Instead I say classify them correctly. Abolish 'tech' as a label. Want to do media, then you are a media company with all the rights and regulations associated with it. Want to sell food, you are a grocer. Being a tech grocer isn't a thing. You are a grocer. Uber is a cab company. If you stop giving favored treatment to companies that are 'on the internet!' then the markets will fix themselves and the problem will go away.
Ben
at April 23, 2018 1:46 PM
Cybersecurity is hard. It is even harder when you disable things like screen locks because they're inconvenient. Someone with skills and inclined to do harm could have made very good use of target like this.
Near the end of an essay published Friday, New York Times writer Amy Chozick reveals something she claims to have never told anybody before while covering the Clinton campaign.
"I never told anyone this, but one time when I’d been visiting the Brooklyn campaign headquarters I found an iPhone in the women’s room," Chozick wrote in the piece adapted from her forthcoming book, "Chasing Hillary: Ten Years, Two Presidential Campaigns, and One Intact Glass Ceiling." "I wasn’t sure, but it seemed to belong to Mr. Podesta’s assistant because when I picked it up, a flood of calendar alerts for him popped up."
So it isn't the markets that have failed as Galloway claims. It is the government.
So...maybe instead of shackling these internet giants, we should unshackle their erstwhile competitors? and lower the barriers of entry into the market and maybe attract new players?
Remember there is a reason why the major companies got on board with ObamaCare: the employer mandate would insure that they would never face a newer, nimbler competitor in their market. No one would ever get big enough to become a threat, since there was too much incentive to stay small.
I R A Darth Aggie
at April 23, 2018 2:09 PM
Insisting on perfect safety is for people who don't have the balls to live in the real world.
What's more dangerous: rugby, or a walk in the woods? At Pennsylvania State University, the administrators apparently think it's the latter.

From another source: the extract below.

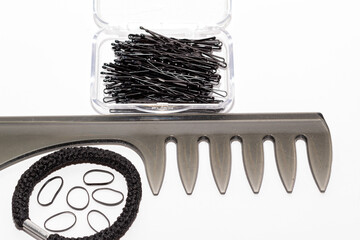 Peine negro con una caja llena de horquillas y gomas de pelo de diferentes tamaños sobre un fondo...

The student "Outing Club," which has gone backpacking, kayaking, and hiking in state parks over the course of its 98-year-existence, will no longer be allowed to host outdoor events after administrators conducted a risk assessment, according to The Pittsburgh Post-Gazette.
> maybe instead of shackling these
> internet giants, we should unshackle
> their erstwhile competitors
✓
Crid
at April 23, 2018 2:23 PM
But if you claim you are 'tech' then you can get around the old regulations tied to your business. That gives these companies an unfair competitive advantage. Same with the tax loopholes. ~ Ben at April 23, 2018 1:46 PM
Again, Congress does not understand tech, thinking it is an industry unto itself and not simply a way of getting something done.
Facebook is an updated AOL, a media company. Twitter is a broadcasting company, again media.
If the old regulations unfairly hamstring newly emerged companies using new technologies, like Facebook or Twitter, perhaps the regulations need to be reviewed and rewritten. Instead, we're trying to govern the Internet using the 1934 Telecommunications Act.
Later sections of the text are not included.